Thankfully there is a lot to like about the rest of the S90’s cabin. Audi is often cited as the clear leader when it comes to cabin and dash design – and that reputation is justified – while modern Mercedes’ and BMW, and Jags for that matter are now off the pace with sometimes clunky designs and placements.
Volvo has gone the minimalist route with the S90, mirroring its XC90 sibling with very few buttons, a massive 9.0-inch vertical touchscreen and a distinct lack of plastic panels. Finally Volvo is embracing its Swedish-ness.
Granted this is the top-spec – for now – variant, but the use of high-end materials, including hand-stitched leathers, a mesh-like metal panels and contrasting colours, not to mention the high-quality feel of the steering wheel and seats, makes for a luxurious cabin experience. Top job Swedes.
Under the bonnet of the T6 Inscription is a 235kW/400Nm four-cylinder turbo-petrol engine, which delivers instant throttle response for good acceleration from a standing start without forcing occupants back in their seats.
The straight line performance is more than adequate, but we might have to wait for the more performance oriented T8 plug-in for more brutal acceleration.
The all-wheel-drive traction keeps the S90 nice on loser surfaces and there was no noticeable skipping. The drive route did not allow for a lot of fast corner testing , but the S90 exhibited no bodyroll and pitched around bends in an appropriate fashion for a large luxury sedan, given its dynamically capable competitors.
Tyre roar is noticeable on coarser surfaces but on the whole the S90 is quiet.
What is surprising is just how composed the S90 is when faced with corrugations, tram and train tracks and potholes.
The suspension setup has been tuned more for comfort it seems and we support that because the super smooth ride of the S90 puts some of the other contenders in the segment to shame.
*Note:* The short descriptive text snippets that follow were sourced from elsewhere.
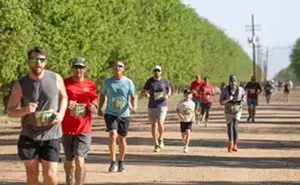 Image: 16th Annual Pecan Classic 5K and 10K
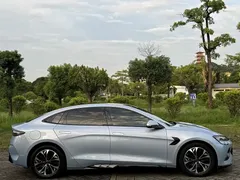 2023 BYD Seal Champion 550km Premium, синий — фото 7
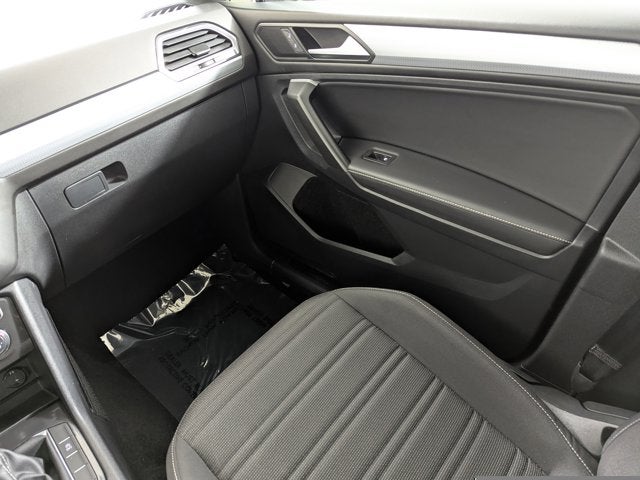 2024 Volkswagen Tiguan 2.0T S FWD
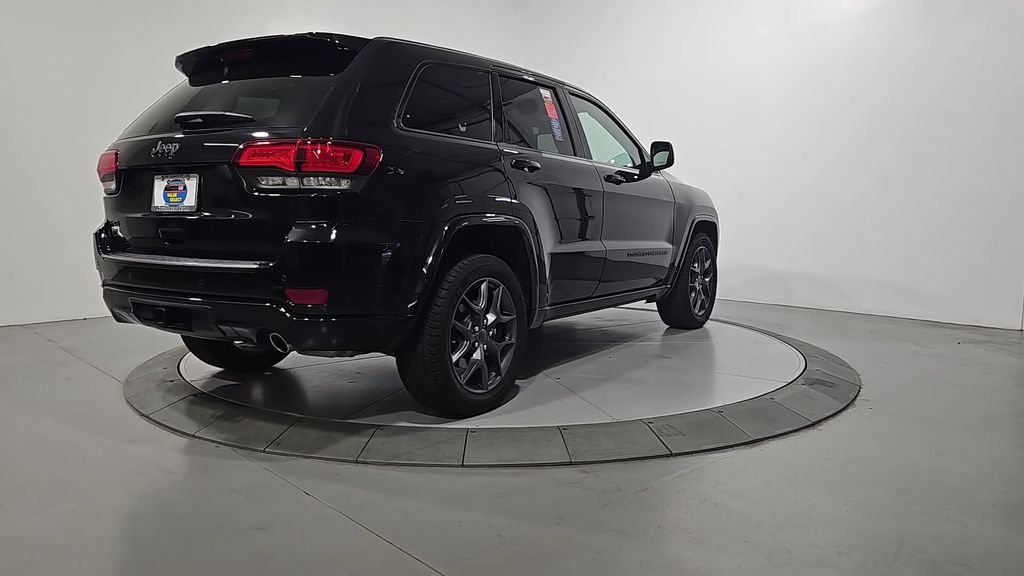 Used 2021 Black Jeep Limited image 5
In both the T6 and D5, the Pilot Assist lane keeping aid was somewhat overzealous and while we might get used to the constant tugging of the wheel every time you go anywhere near a white line, we were concerned about how it pushed us too close to the other side of the road in the process.
Volvo’s semi-autonomous is very impressive in many ways and it has been a focus for them longer than other car-makers, but clearly the lane-keeping aid needs more work before it is flawless. Many of Volvo’s rivals have similar quirks with their own systems too.
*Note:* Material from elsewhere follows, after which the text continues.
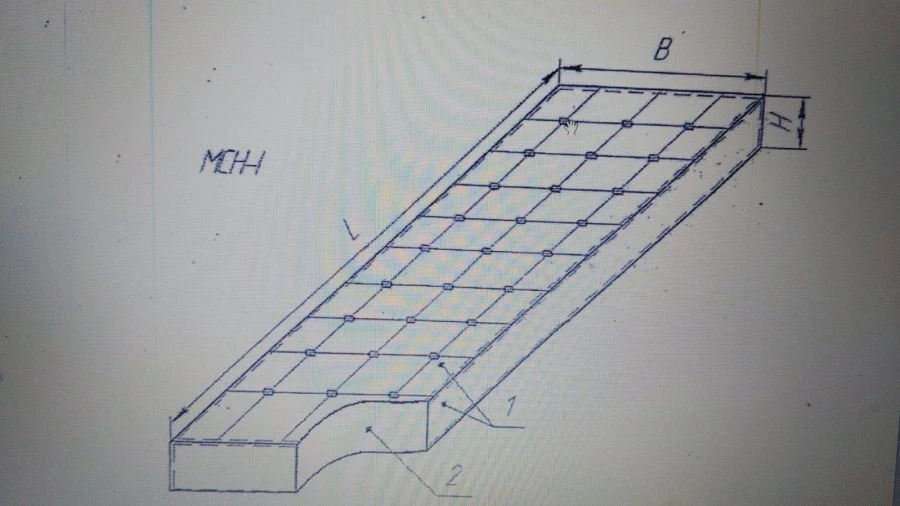 Springless mattress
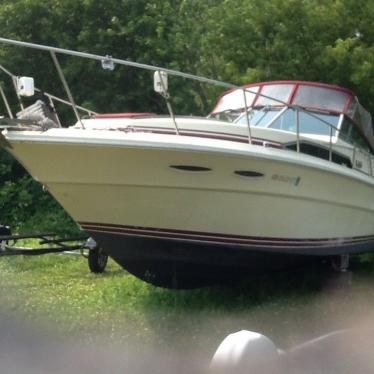 1984 Sea Ray 340 sundancer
Performance in the 173kW/480Nm D5 turbo-diesel as pretty sprightly, thanks in part to its PowerPulse technology that helps reduce lag in diesel engines.
Off the line the D5 is quick and it picks up beautifully, offering more linear acceleration than the T6 petrol.
There is some lag when accelerating from low speeds but it is not terrible.
At idle it is clear the engine is a diesel, but once you take off it is difficult to tell. Very smooth.
Another thing Volvo does well is idle-stop. It is intuitive and unlike many systems, there is no need to switch it off.
There is a lot to like about the S90. High end safety features, a gorgeous interior, unique design, solid performance, good fuel economy figures and relatively high levels of standard specification, especially when compared with the German and British rivals.
Dynamically, it is hard to beat the impressive new E-Class and Jaguar’s new XF, but the S90 is mighty close.
One thing it offers is a point of difference. If you are bored by the usual suspects in the segment, the S90 is one very Swedish way to stand out.